And it got even worse Thursday when, in a true Halloween horror story for Boeing, Australian airline Qantas revealed that it had found cracks in a 737 Next Generation plane.This development led to a growing number of airlines reporting the same issue, so that 50 of the planes have now been grounded worldwide.

They join the 387 737 MAX aircraft already grounded since March this year, after one crashed in Indonesia last October and another in Ethiopia last March, killing a total of 346 people.

The latest find is a body blow for Boeing, particularly as there are concerns that the scale of this new 737NG problem may have been underestimated. When alerted to the wing crack issue initially, the US Federal Aviation Authority ordered checks only on planes that had logged 30,000 flights.

Qantas responded that it had found the fault in planes that had flown much less, with one recording fewer than 27,000 flights.
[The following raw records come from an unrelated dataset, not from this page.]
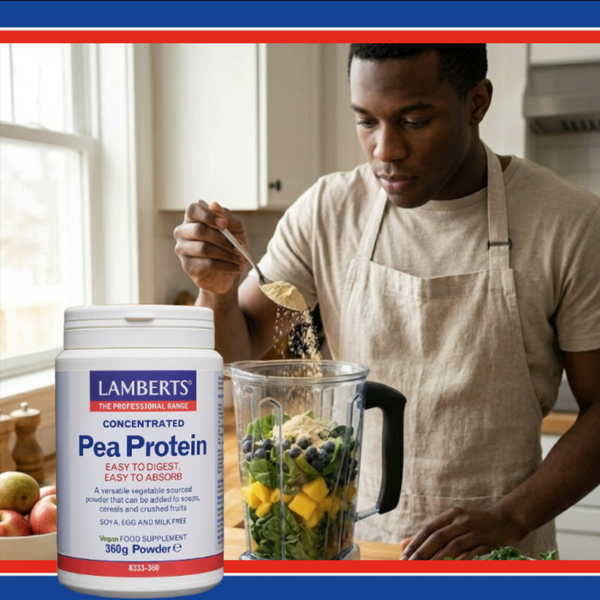 Pea Protein (powder)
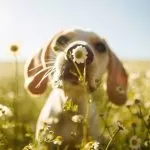 Imágenes de Animales
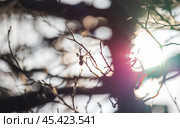 Alder tree branches are in bright sunlight, close up photo. Стоковое фото, фотограф EugeneSergeev / Фотобанк Лори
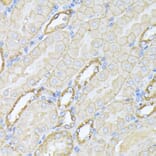 Immunohistochemistry - Anti-NEAS Antibody (A89037) - Antibodies.com
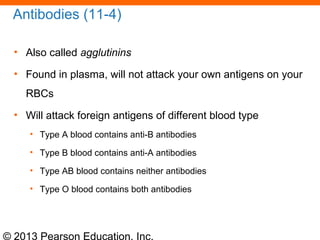 © 2013 Pearson Education, Inc.
Antibodies (11-4)
• Also called agglutinins
• Found in plasma, will not attack your own antigens on your
RBCs
• Will attack foreign antigens of different blood type
• Type A blood contains anti-B antibodies
• Type B blood contains anti-A antibodies
• Type AB blood contains neither antibodies
• Type O blood contains both antibodies
 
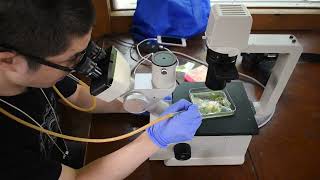 Isolating Cells Infected with Chytrids, Establishing Dual Host-Parasite Cultures, and Sequencing
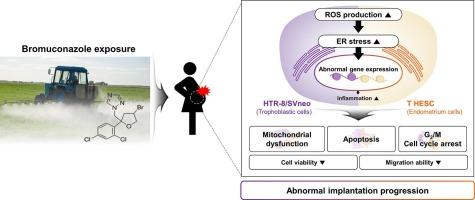 Bromuconazole impairs implantation process through cellular stress response in human trophoblast and endometrial cells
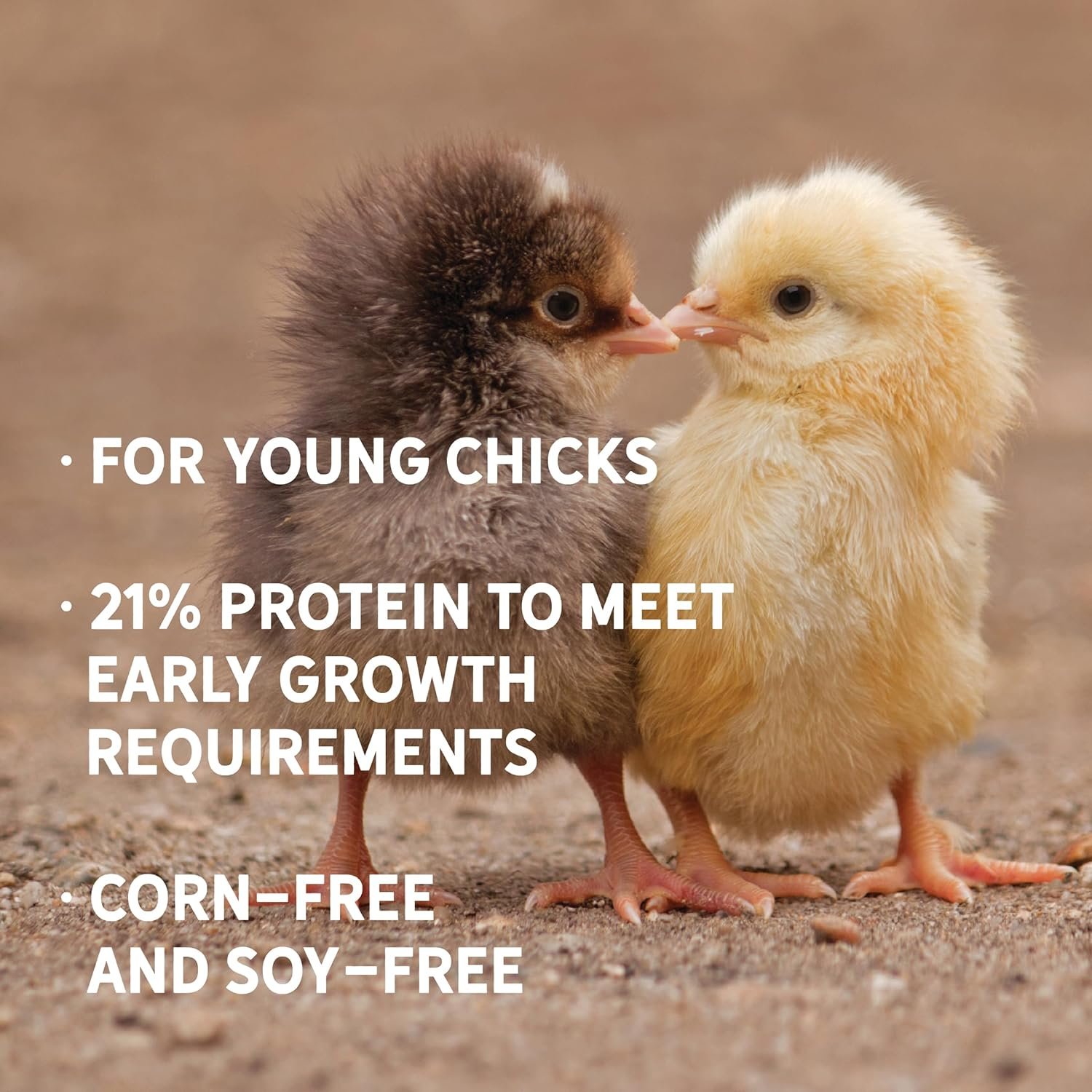New Country Organics | Starter Feed for Growing Chicks | Soy-Free and Corn-Free | 21% Protein | Certified Organic and Non-GMO | 40 lbs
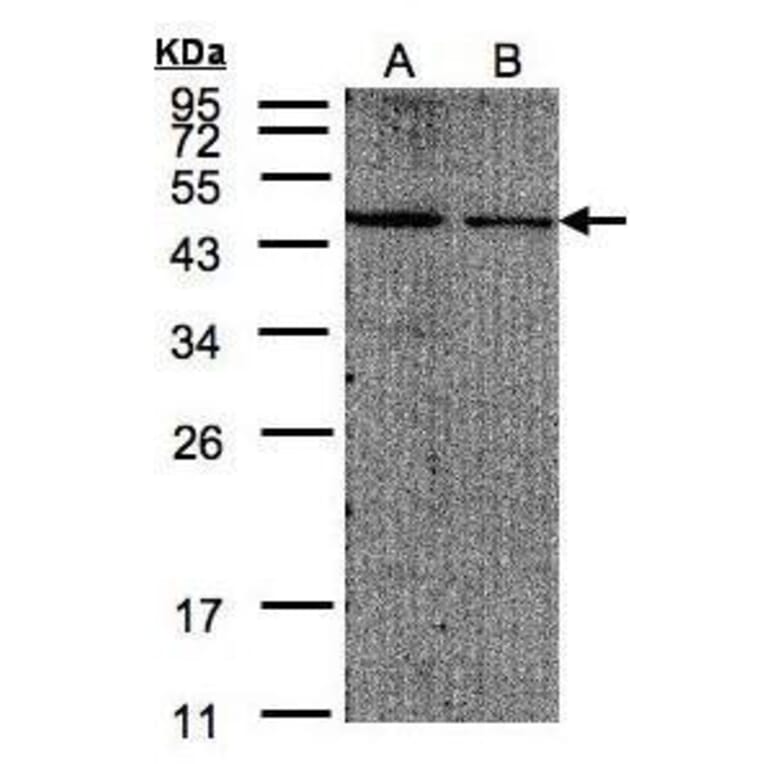 EIF4A2 Antibody from Signalway Antibody (35372) - Antibodies.com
So, someone has looked at a benchmark and decided that was where checks should start and finish when, surely, you should check every plane as a matter of routine? There are only 1,000 in service, according to Boeing, so the process shouldn’t take that long.

Boeing clearly sees the whole 737 MAX issue in terms of the bottom line. In development, it was desperately trying to get the jump on its competitors and rushed things as a result.
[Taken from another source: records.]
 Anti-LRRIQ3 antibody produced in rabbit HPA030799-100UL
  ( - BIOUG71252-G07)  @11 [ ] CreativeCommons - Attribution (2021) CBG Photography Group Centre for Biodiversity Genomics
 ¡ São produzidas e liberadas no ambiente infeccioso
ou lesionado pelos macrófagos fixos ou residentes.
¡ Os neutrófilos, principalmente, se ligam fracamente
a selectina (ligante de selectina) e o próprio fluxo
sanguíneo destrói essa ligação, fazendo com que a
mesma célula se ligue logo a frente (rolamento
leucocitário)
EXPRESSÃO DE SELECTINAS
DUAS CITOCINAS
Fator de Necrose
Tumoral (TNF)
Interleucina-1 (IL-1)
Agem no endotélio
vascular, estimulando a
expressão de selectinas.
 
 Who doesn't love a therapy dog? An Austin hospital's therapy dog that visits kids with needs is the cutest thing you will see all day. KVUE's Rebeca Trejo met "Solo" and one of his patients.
It boasted in its marketing to customers that pilots would not need simulator training to fly the new jet and pushed the regulatory authority, the FAA, not to force it to mention its anti-stall system in the manual for the new aircraft. That is the same anti-stall system implicated in both crashes.

While the financial hit for Boeing and its 737 MAX is $9.2 billion so far and counting, it is the hugely significant matter of public trust that could be damaged beyond repair.
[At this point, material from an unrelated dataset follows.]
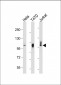 LAMP2 Antibody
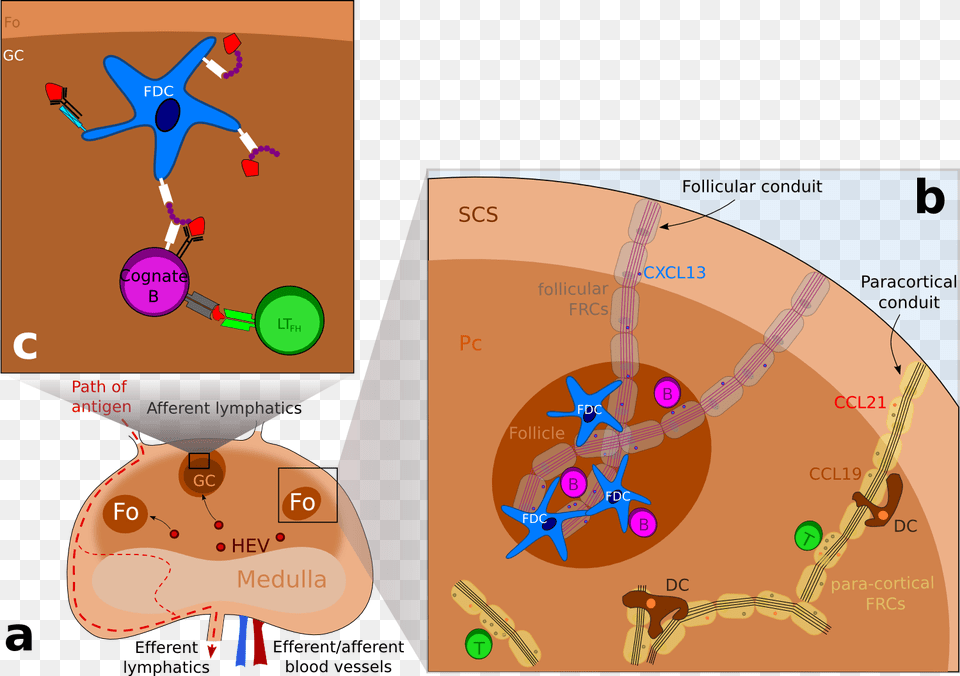 Schematic Representation Of The Structure Of A Lymph Follicular Dendritic Cells In Lymph Node, Chart, Plot, Massage, Person Free Png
Also on rt.com Up to 50 Boeing planes grounded globally after wing-related cracks discovered

For most, that is a trust that the plane your company has manufactured will actually take you from point A to point B without malfunctioning when it is seven miles up in the air. One member of the Senate committee told Muilenburg: “Right now all my internal warning bells are going off. And, for the first time in my life, I’m sorry to say that I’m hesitant about putting my family on a Boeing aeroplane.

What Muilenburg must be realizing, as he looks for some way to rebuild confidence, is that there is no point making aircraft that passengers are too scared to fly on. Even he was forced to concede that he could not remember ever flying on a 737 MAX before the accidents.

Executives at rival aircraft manufacturers, like Airbus, could be forgiven for thinking Christmas has come early.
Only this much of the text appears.